PPP Loan Additional Funding
For businesses struggling amidst the COVID-19 pandemic – help is on the way. But just how much help is it really?
Under the Consolidated Appropriations Act (CAA), Congress approved an additional $284.5B for the Paycheck Protection Program (PPP), and added modifications to the forgiveness process. We’re calling it PPP2. The program will give loans/potential grants to eligible new borrowers as well as qualified second round borrowers who have already received and used a loan under the first round (PPP1).
PPP2 goes much further than PPP1 did to ensure relief funds are directed towards small businesses. “On the first round, a lot of very small and minority-owned businesses got shut out — for a variety of reasons. This bill targets those firms, and blocks big, publicly held companies from participating,” explained Andi Gray, president of business consulting firm Strategy Leaders. “The new round also broadens what the funds can be used for and makes qualifying expenses tax deductible — which is all good news.”
While the Small Business Administration (SBA) has not issued final rules about how the new law will be implemented, here is what we know so far.
The new loan is expected to hit sometime mid-January, starting with Community Banks opening for applications this week, followed shortly thereafter by all other banks. Businesses are eligible if they meet the criteria of 300 or fewer employees and have experienced a 25% revenue reduction in any quarter of 2020 versus the same quarter of 2019. If they got PPP1, they must certify that they have used the full amount of their first PPP loan. The PPP1 application window will also re-open for companies that did not initially get approved. Just as with PPP1, PPP2 borrowers will be able to choose their own coverage period – between 8 weeks and 24 weeks. Section 501(c)(6) not for profit organizations will be eligible to apply.

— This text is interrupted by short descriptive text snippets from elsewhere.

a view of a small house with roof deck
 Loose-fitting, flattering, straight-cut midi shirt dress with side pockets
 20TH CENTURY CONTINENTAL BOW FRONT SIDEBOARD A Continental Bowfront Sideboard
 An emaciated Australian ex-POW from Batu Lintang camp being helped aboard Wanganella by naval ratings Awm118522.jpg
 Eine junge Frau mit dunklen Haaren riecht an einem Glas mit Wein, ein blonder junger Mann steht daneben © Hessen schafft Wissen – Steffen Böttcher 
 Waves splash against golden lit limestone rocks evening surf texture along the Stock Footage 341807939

Under PPP2, simplified forgiveness will be offered on loans of $150,000 or less. New covered expenses are eligible for forgiveness such as those related to property damage, operations expenses, PPE, and supplier costs. Once PPP funds are issued, banks are predicting they will be able to start processing forgiveness on PPP2 loans in February or March.

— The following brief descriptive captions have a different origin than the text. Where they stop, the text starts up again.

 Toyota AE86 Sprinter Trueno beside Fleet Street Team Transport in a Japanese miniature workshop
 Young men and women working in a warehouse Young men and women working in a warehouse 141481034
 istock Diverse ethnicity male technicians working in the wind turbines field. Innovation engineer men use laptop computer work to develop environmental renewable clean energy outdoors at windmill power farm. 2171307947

Experts are urging small businesses to approach the use of PPP funds with caution. Get help. Get good advice. Make a plan. Use the funds wisely.
“We cannot afford big mistakes. Every small business that fails has an average of 5 employees who lose their jobs, plus an additional 3-5 companies that lose work — potentially going out of business as well. Numbers can keep spiraling downwards for a long time to come,” said Gray. “Alternately, small business owners are highly resourceful, dedicated, and driven to innovate. Give them help, they’ll get the job done, and our economy will get back on track quickly.”
SBA has PPP1 and PPP2 applications on their website, which you can use to prepare to apply. Be aware however that most banks will require that you use their automated application process, which will mirror the information required by the SBA. We recommend going to your local bank for guidance.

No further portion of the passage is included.